Mishra married Lok Kumari Devkota in 1986 BS and parented four sons and five daughters. But three of his daughters died. At the age of 20, Mishra's mother also died.

In 2000 BS, he rejoined public service at Birgunj Circle Office as Subedaar (senior clerk). In 2003 BS, Nepali National Congress Party was established. Mishra was attracted to the theme of party. In 2004 BS, he was expelled from his job and arrested on the charge of his involvement with congress for anti-government activities and prisoned for two years and four months. Mishra's health deteriorated due to torture in the jail. After he was released, he went to Patna (India) for treatment and spent a year. He had some shares of cinema hall in Birgunj from which he was getting some income. However, he was forced to withdraw his shares because of his anti-Rana activities. That withdrawal worsened his financial life.
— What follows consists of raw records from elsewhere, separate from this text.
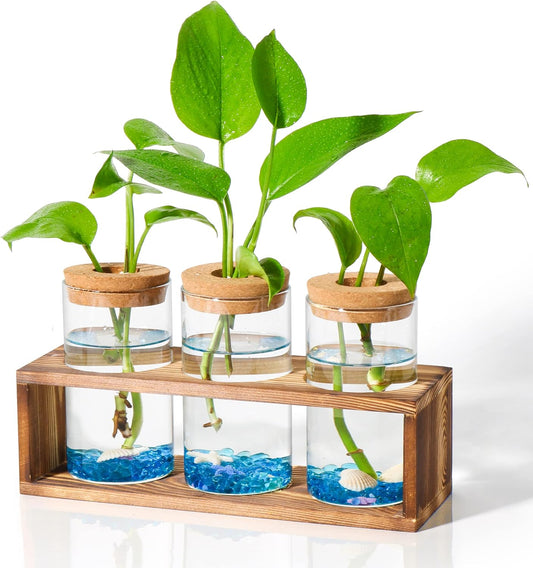 Neaglory Propagation Stations Planter Plant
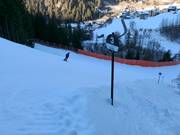 Schwarzer Brückenschuss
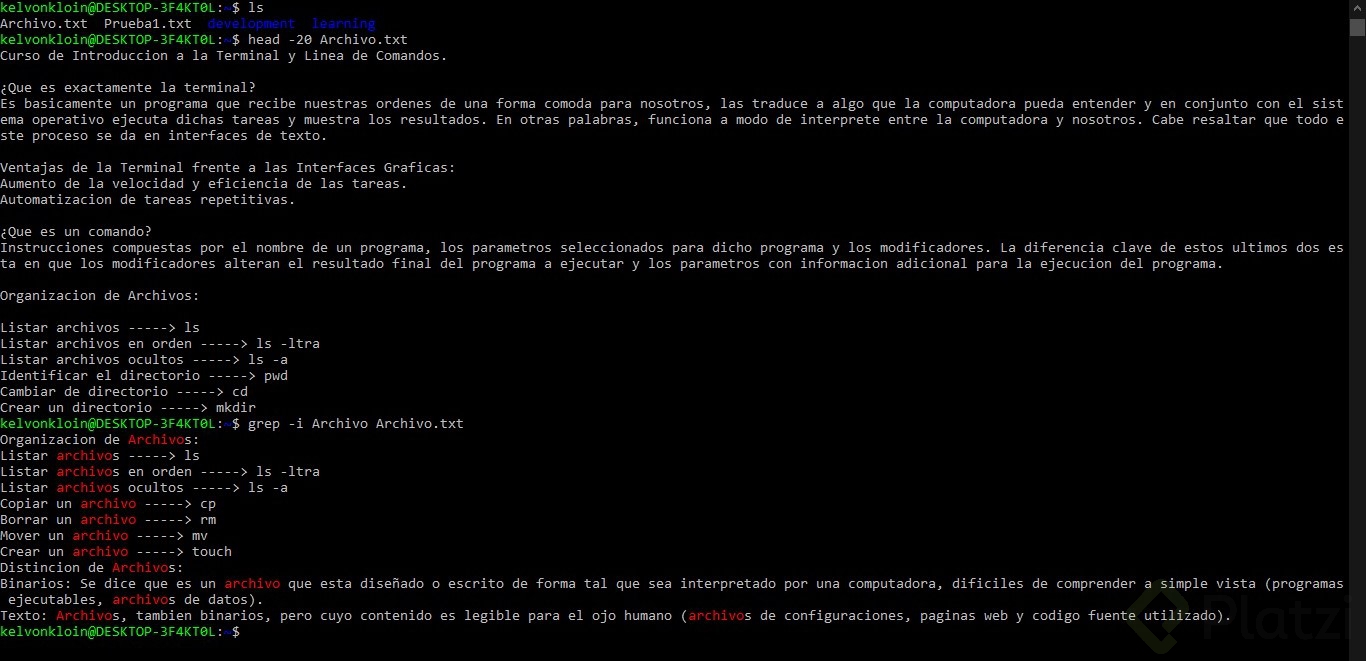 Tratamiento de texto.jpg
After the uprising of 2007 BS, he rejoined his job as Khardaar (storekeeper) at Birgunj office. Soon, he was promoted to Subba (section clerk). In 2010 BS, Nepali Congress charged him of corruption and put him into legal complications for many years. He was later reinstated to the post of Subba by the government.

In 2012 BS, he went Banaras and renounced the principles of Congress Party and started to follow the Communist philosophies. In Banaras, he met Pushpa Lal and other leaders of Communist Party of Nepal. By 2016 BS, he was working as a Subba in tax office of Singha Durbar. After a year he was transferred to Bardiya until 2018 BS when he got retired from government service.
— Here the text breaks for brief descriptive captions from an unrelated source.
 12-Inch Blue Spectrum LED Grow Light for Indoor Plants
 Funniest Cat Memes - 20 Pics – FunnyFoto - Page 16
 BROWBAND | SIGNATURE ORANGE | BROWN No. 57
After 2018 BS, he went in exile to Banaras with his family, where he faced many financial problems. The communist party used to provide him some financial aid, but it was stopped after he started criticizing the weakness of the party. At that time, there were multiple communist parties. He believed on the unity of all communist parties. Therefore, he never took membership of any of the communist party. During his exile, in 2028 BS, he served the leading role as the president of Nepal Janbadi Sansrkitik Sangh (Nepal People's Cultural Association). He returned Nepal in 2040 BS.
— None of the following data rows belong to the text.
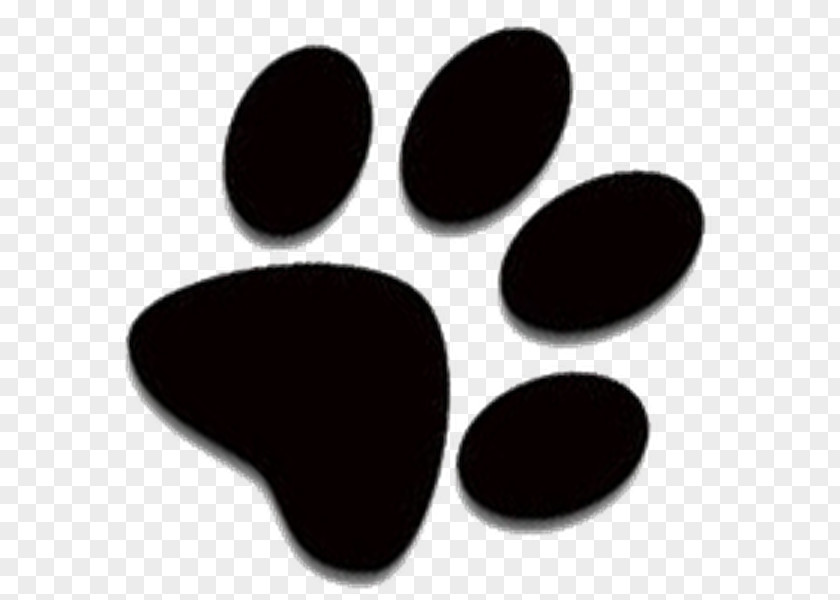 Husky Siberian Paw Puppy Clip Art PNG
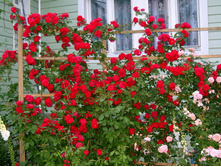 ���� ��������� ���������� 150���..jpg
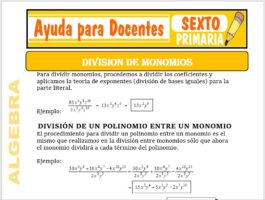 Modelo de la Ficha de Separatas de División de Monomios para Sexto de Primaria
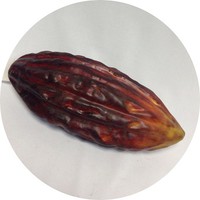 Какао бобы l=17 см; цвет коричневый Цена 400.00 руб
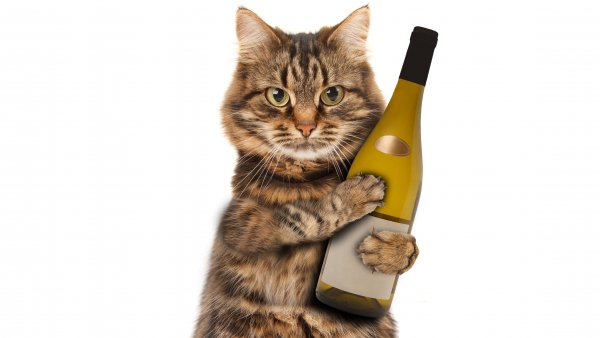 Industrie-vin-pour-chat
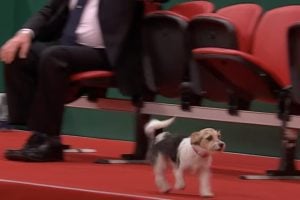 Dog Decides to ‘Say Hello to Everyone’ in Middle of Competition at Crufts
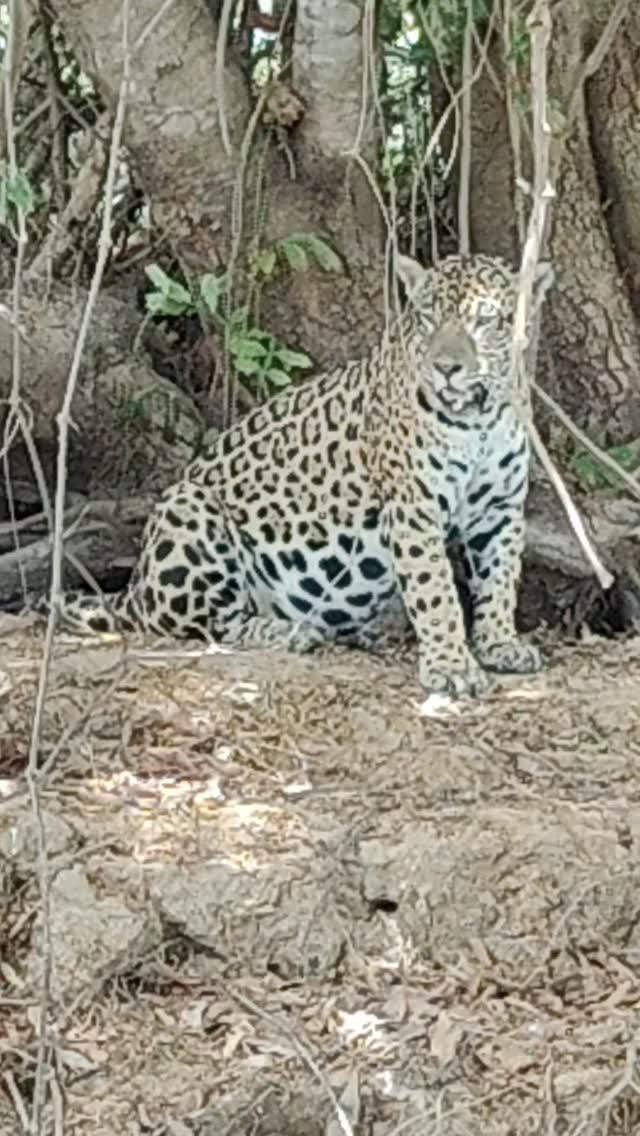 Boat-lodging and jaguar watching tours in Porto Jofre, in the Pantanal region of Mato Grosso.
Mishra also took part in the uprising against the autocratic Panchayat rule for which he was arrested on 3 Chaitra, 2047 BS.
Mishra died on 6 Falgun, 2047 in Bir Hospital at the age of 83.

==Writing career==

Mishra started writing poems in his early teens. In 1986 BS, he wrote a collection of poems titled Ahimsa Prarthana (Non-violence Prayers). Bhim Shamsher ordered the book to be confiscated and burnt, stating that the book was against the Ranas.
The incident further encouraged Mishra to write more. In 1988 BS, he published a poem named Bidhyarthi Sikchya (Student Education) in Gorkhapatra. That was his first published work. Initially, his poems were based on romanticism, but later he started writing progressive poems to fight against the injustice and indiscretion of Rana regime.

==Works==
The published works of Mishra are:
- Chari (Bird), poem collection (1994 BS)
- Badhi (Flood), poem collection (2029 BS)
- Amar Katha (Immortal Stories, story collections (2015 BS)
- Mukti Narayan, Short epic
- Mukta Sudama (Free Sudama), Short epic
- Yudhha Prasad Mishraka Kavitaharu, etc.

He also wrote children's poem. Some of which are:
- Badar School Jawaun (Lets go school monkey)
- Hamro Bhainsi Bubu Dinche (Our buffalo gives milk)
- Sakchu Fadkina (I can jump)
- Launa Maile Ke Garne (What should I do now?)

==Recognition==
- Mishra was awarded for the best poet in 1994 BS
- Nepal Bhasa Prakashini Samiti had awarded his book ‘Chari’ in 1994 BS
- Felicitated by Pragatisheel Lekhak Sangh (Progressive Writers Association) in 2041 BS
- A postage stamp was issued in his name in 1995 by Nepal Government

==Impact==
- Yuddha Prasad Mishra Smriti Pratisthan, an organization dedicated to literary works, was formed in his name after his death. The organization has awarded 16 writers and institutions for their literary contributions.